In the eighteenth-century Classical period somebody (there seems to be no record of who it was) had the idea of fitting a screw mechanism into the heel of the stick, with a threaded lug inset into the top of the frog and a threaded rod passing through the end of the handle. Also various devices were produced to help keep the band of hairs flattened, and also to widen the band of hairs so as to strengthen the bow stroke.
At the same time, bow makers (Cramer is always said to have been one of the first) were gradually extending the point of the stick so that the whole length of the hair could be used, though the sticks, still of snakewood and other tropical woods, were still slightly curved outwards. Various shapes of bow tip were produced under various names, each by different makers and their copyists.

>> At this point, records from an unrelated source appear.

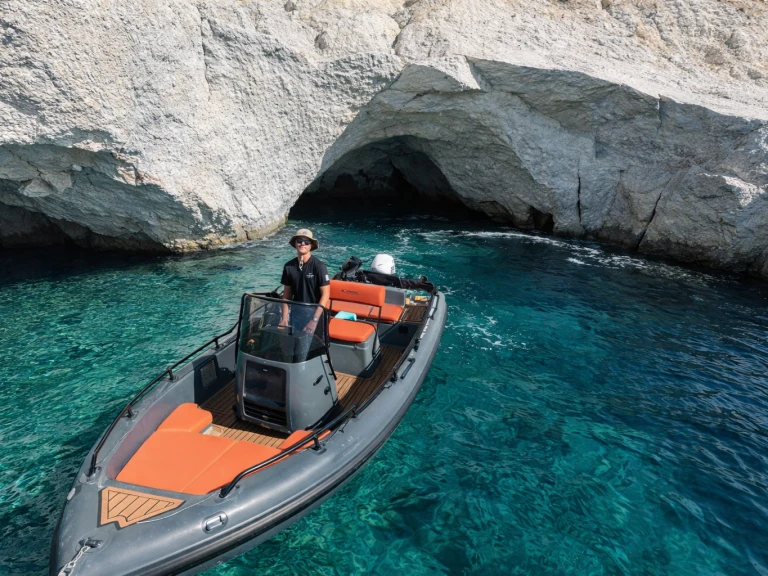 Wynajmij Poseidon Blu Water 170 w Mílos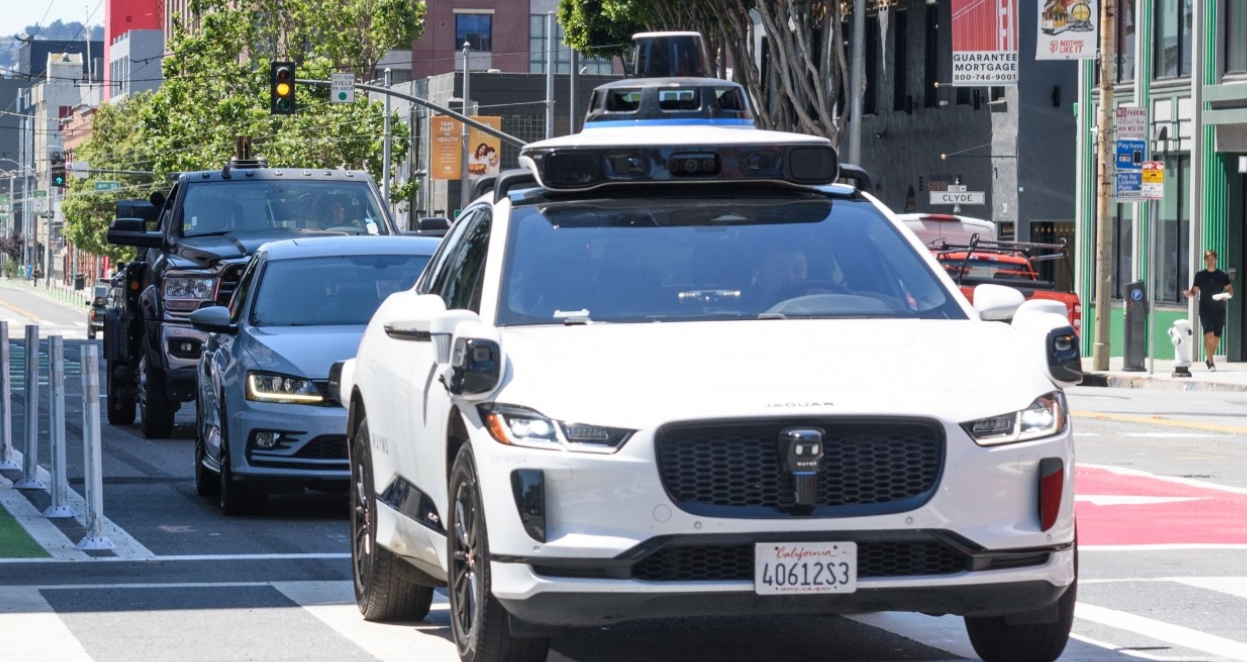 San Francisco Launches Pilot Program for Autonomous Car Regulations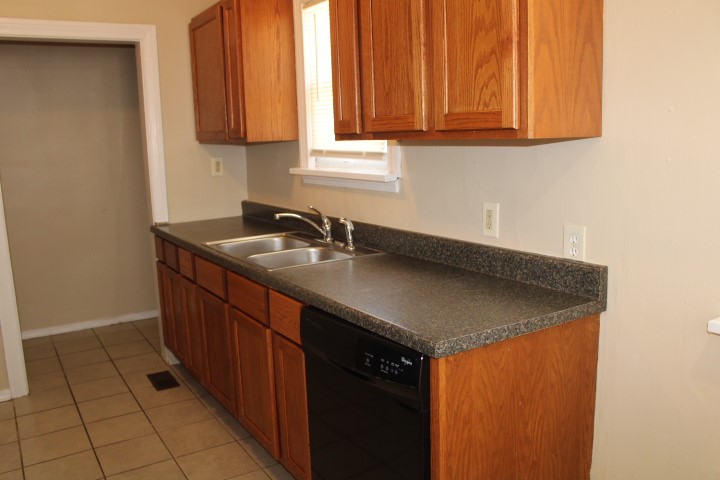 1536 S Atlanta Avenue Tulsa OK 74104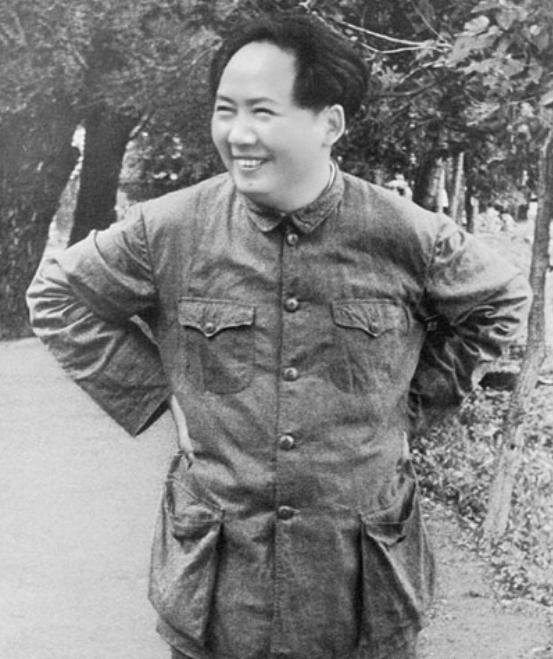 林彪列4点原因反对援朝，毛主席坚持出兵，蒋介石：没人打得过他
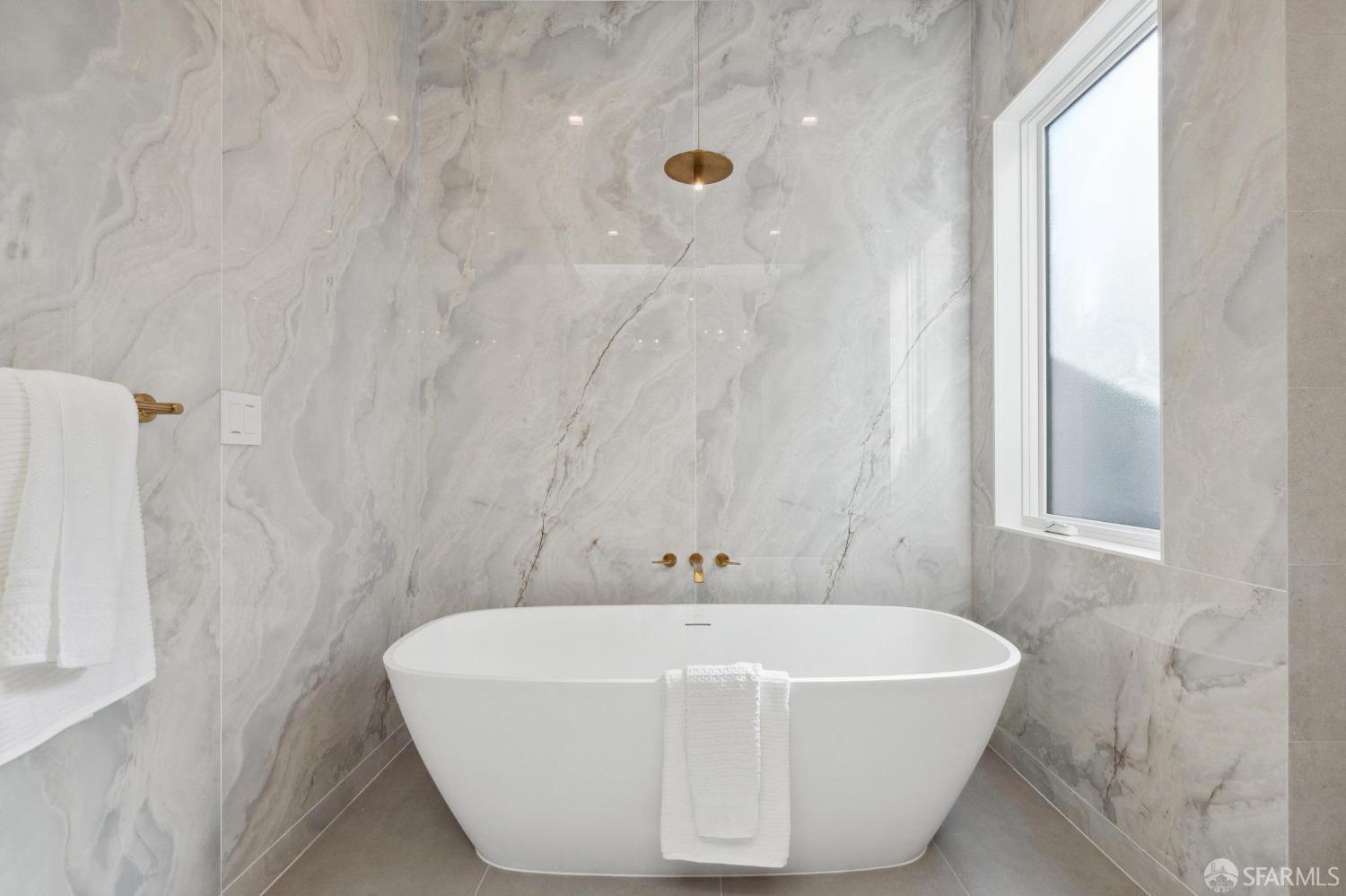 Detail Gallery Image 20 of 46 For 1910 Baker St, San Francisco,  CA 94115 - 5 Beds | 5/1 Baths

Coincidentally, it was also found that wood from Brazil, which had long provided a red dye for cloth manufacturing, was of much tougher grain, with less risk of splitting, and ideal for bows. And it was also found that an inward camber of the bow stick gave much greater control and stiffness, and also that this wood, called pernambuco, would retain this camber, once it had been heated and bent to shape. Nicolas Tourte was the first to introduce this pattern, which was perfected by his son, François, though there has always been some discussion whether he or Edward Dodd was the first to introduce the inward camber.
Today a new problem has arisen and that is that pernambuco is now an endangered species. Too much has been cut down, with no planned replanting, and as a result the use of pernambuco is likely to be banned. Whether, unlike ivory, its import or export will be prohibited seems improbable, for if it were, no orchestra, no player of any of the violin family, would ever be able to travel, for today every such player uses bows of pernambuco. But the export of new logs is likely to be prohibited, leading to a rush to find new materials for new bows. Carbon fibre has had some success, though how many professionals would adopt it we do not yet know. Certainly no other wood has yet proved popular, though early-music players have so far been able to go back to historic woods.
Musicians may be happy enough to abandon their plastic water bottles and coffee cups etc, but they are facing much greater problems for the materials of their instruments, not just their bows, but also the woods that until now have been used for clarinets and oboes, and also marimbas and xylophones. All those woods, including most of the Dalbergias, are now endangered species.